Opinion
Crim. No. 815.
November 8, 1921.
APPEAL from a judgment of the Superior Court of Los Angeles County. William P. Cary, Judge, Presiding. Affirmed.
The facts are stated in the opinion of the court.
LeRoy D. Barnett and W. W. Judd for Appellant.
U.S. Webb, Attorney-General, Arthur Keetch, Deputy Attorney-General, and John W. Maltmann for Respondent.
Defendant, who was convicted of the offense defined in section 288 of the Penal Code, namely, the commission of a lewd and lascivious act upon or with the body "of a child under the age of fourteen years, with the intent of arousing . . . lust," etc., appeals from the judgment and from an order denying his motion for a new trial.
At the time of the commission of the offense of which he was convicted, defendant was a man of about twenty-three years of age, and his victim, the complaining witness, was a boy of about twelve years. A discussion of the malodorous facts is not necessary, and in view of the nature of the testimony, no detailed consideration of the evidence will be made. At the request of defendant the court gave certain instructions respecting the necessity of corroboration of the testimony of an accomplice. These instructions were given upon the theory that, in every case of this character, the complaining witness is, of necessity, an accomplice. Subsequently the court withdrew all of the instructions that it had given relative to the law of accomplices, and specifically instructed the jury that the complaining witness was not an accomplice. It is of this action on the part of the court that complaint is now made.

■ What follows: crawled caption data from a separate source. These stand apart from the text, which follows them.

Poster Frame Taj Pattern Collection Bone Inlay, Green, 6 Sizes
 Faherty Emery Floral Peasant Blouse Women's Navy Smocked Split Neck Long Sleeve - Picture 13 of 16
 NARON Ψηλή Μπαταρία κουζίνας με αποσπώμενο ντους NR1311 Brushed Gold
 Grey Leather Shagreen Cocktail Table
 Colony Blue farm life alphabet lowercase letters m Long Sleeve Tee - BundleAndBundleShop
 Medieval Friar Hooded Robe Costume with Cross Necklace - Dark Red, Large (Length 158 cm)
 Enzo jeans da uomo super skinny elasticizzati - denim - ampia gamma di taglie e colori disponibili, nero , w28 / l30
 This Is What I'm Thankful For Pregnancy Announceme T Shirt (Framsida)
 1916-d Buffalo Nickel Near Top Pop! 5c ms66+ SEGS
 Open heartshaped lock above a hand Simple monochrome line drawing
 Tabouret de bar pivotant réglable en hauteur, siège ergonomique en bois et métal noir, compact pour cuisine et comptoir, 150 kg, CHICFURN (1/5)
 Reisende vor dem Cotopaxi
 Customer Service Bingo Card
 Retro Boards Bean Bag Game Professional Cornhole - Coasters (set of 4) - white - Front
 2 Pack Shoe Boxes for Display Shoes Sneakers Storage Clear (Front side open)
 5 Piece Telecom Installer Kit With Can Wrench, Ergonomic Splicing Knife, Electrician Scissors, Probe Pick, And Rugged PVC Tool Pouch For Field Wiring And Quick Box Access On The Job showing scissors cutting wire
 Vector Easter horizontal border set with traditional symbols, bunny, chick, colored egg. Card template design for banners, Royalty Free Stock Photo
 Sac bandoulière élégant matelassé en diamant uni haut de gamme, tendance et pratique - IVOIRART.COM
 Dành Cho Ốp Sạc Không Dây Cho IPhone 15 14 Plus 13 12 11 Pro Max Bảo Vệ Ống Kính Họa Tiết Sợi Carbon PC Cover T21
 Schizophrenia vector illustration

[1] Appellant contends that, regardless of the boy's age, the evidence shows him to be an accomplice because of his intelligence, education, and understanding of moral questions, and that, therefore, the court's withdrawal of its instructions upon the law of accomplices and its refusal to instruct the jurors that if they found the child to be an accomplice his testimony would require corroboration to sustain a conviction, constituted a prejudicial error. Without doubt, the testimony of an accomplice is required to be corroborated in order to sustain a conviction. Section 1111 of the Penal Code expressly so provides. But, by an amendment of that section in 1915 (Stats. 1915, p. 760), we now have a legislative definition of an accomplice as "one who is liable to prosecution for the identical offense charged against the defendant on trial in the case in which the testimony of the accomplice is given." The gist of the offense defined by section 288 is that the acts shall be committed upon or with the body "of a child under the age of fourteen years." In the present case the prosecuting witness, a boy of but twelve years, could not be guilty, with this defendant — who was over fourteen years of age — of the defense defined in section 288, for as we have seen, the gist of the offense is that the acts shall be committed upon or with the body of one under the age of fourteen years. It is not necessary to pursue the question further; for it has been expressly decided that there is no statute or rule of law of this state calling for the corroboration of the testimony of the complaining witness in cases of this character, where, as here, the defendant is over the age of fourteen years. ( People v. Raich, 26 Cal.App. 286 [ 146 P. 907]; People v. Troutman, 187 Cal. 313 [ 201 P. 928]. See, also, People v. Thourwald, 46 Cal.App. 261 [ 189 P. 124].)
The judgment and order are affirmed.
Works, J., and Craig, J., concurred.